→ EXERCISE GOAL
The answer must be an exact copy of the lines from the one containing "Abóbora Gato Preto Vintage Decoupage" through the last line of the records, with the pictures left out.

→ TASK MATERIAL
==*==
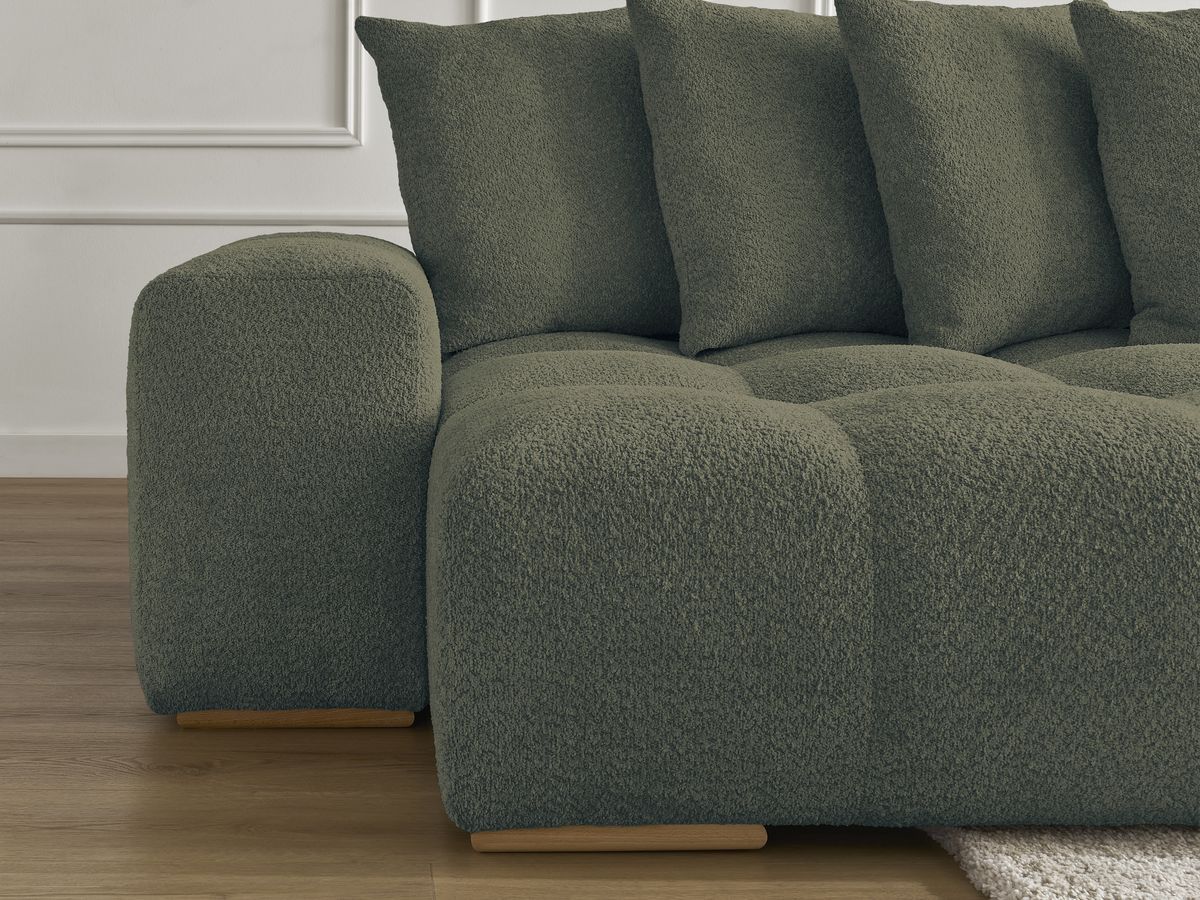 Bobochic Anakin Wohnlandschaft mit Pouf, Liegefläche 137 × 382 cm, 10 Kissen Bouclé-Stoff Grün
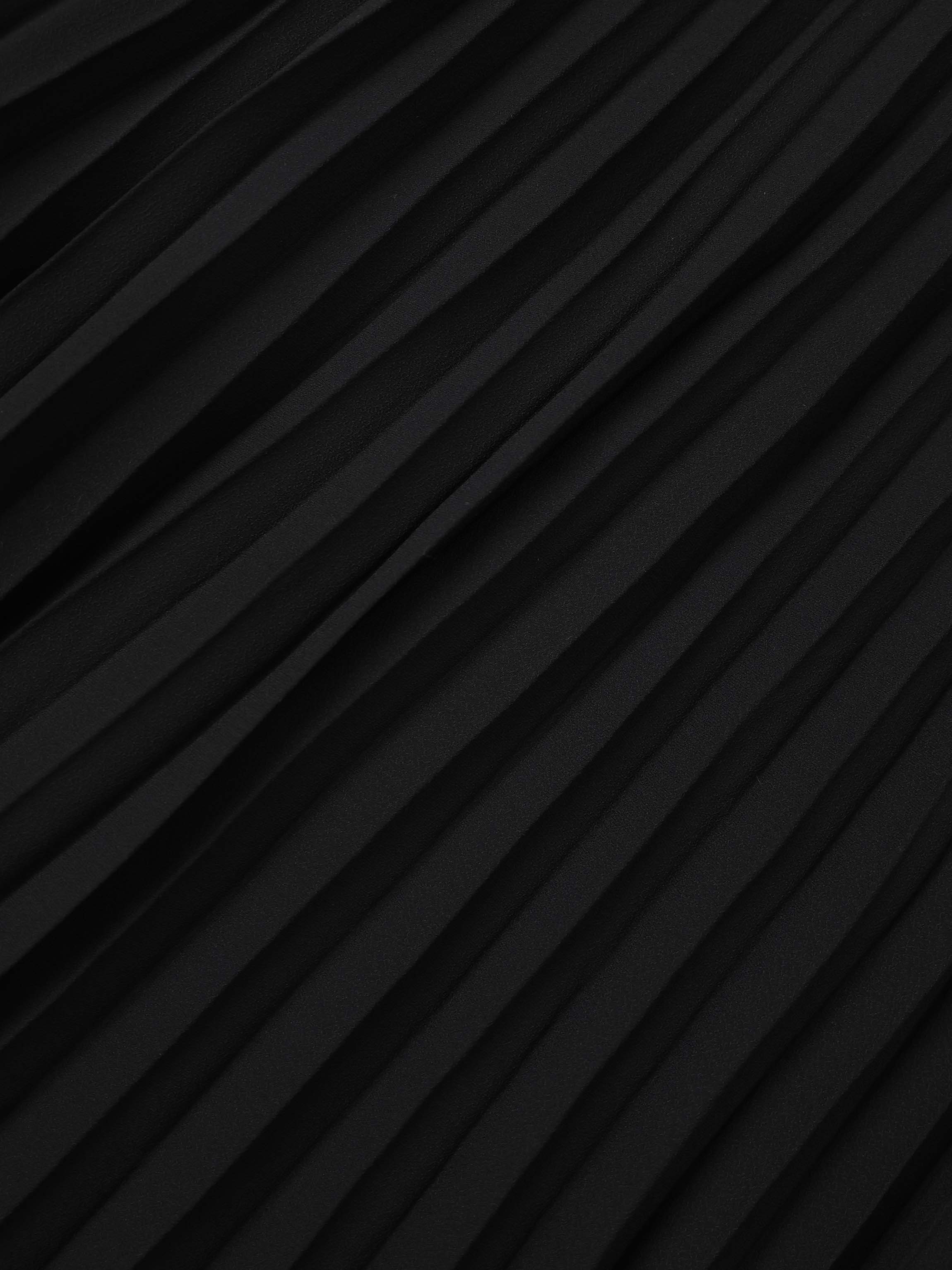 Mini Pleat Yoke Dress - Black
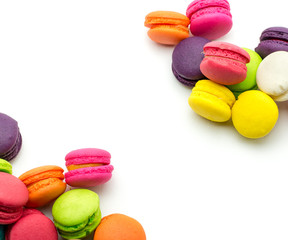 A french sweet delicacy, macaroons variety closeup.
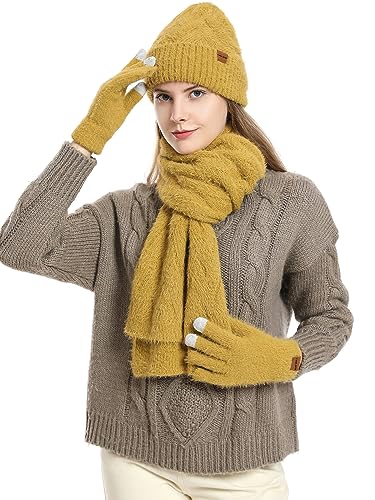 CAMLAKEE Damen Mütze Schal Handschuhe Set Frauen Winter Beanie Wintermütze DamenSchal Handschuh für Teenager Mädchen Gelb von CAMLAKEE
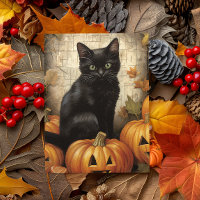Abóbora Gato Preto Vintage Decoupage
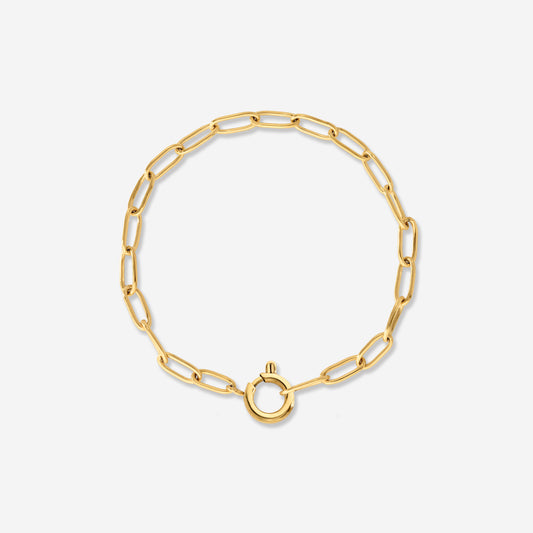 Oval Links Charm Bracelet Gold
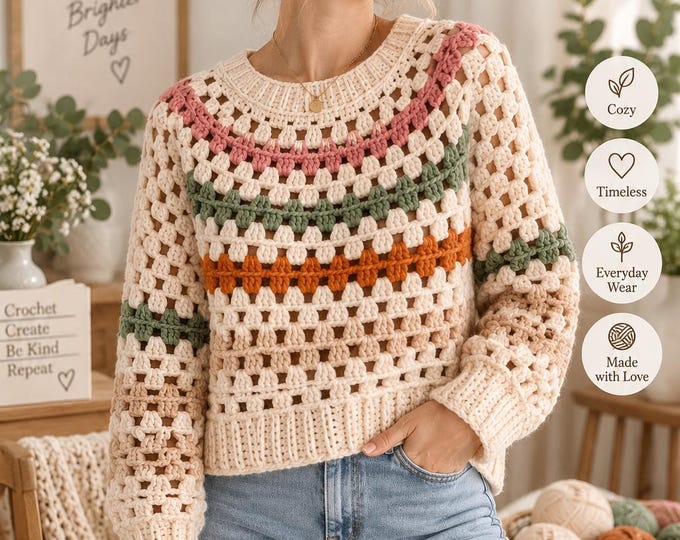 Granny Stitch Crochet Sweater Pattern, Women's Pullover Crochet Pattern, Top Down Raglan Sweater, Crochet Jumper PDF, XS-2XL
==*==
→ PROBLEM SOLUTION
Abóbora Gato Preto Vintage Decoupage
 Oval Links Charm Bracelet Gold
 Granny Stitch Crochet Sweater Pattern, Women's Pullover Crochet Pattern, Top Down Raglan Sweater, Crochet Jumper PDF, XS-2XL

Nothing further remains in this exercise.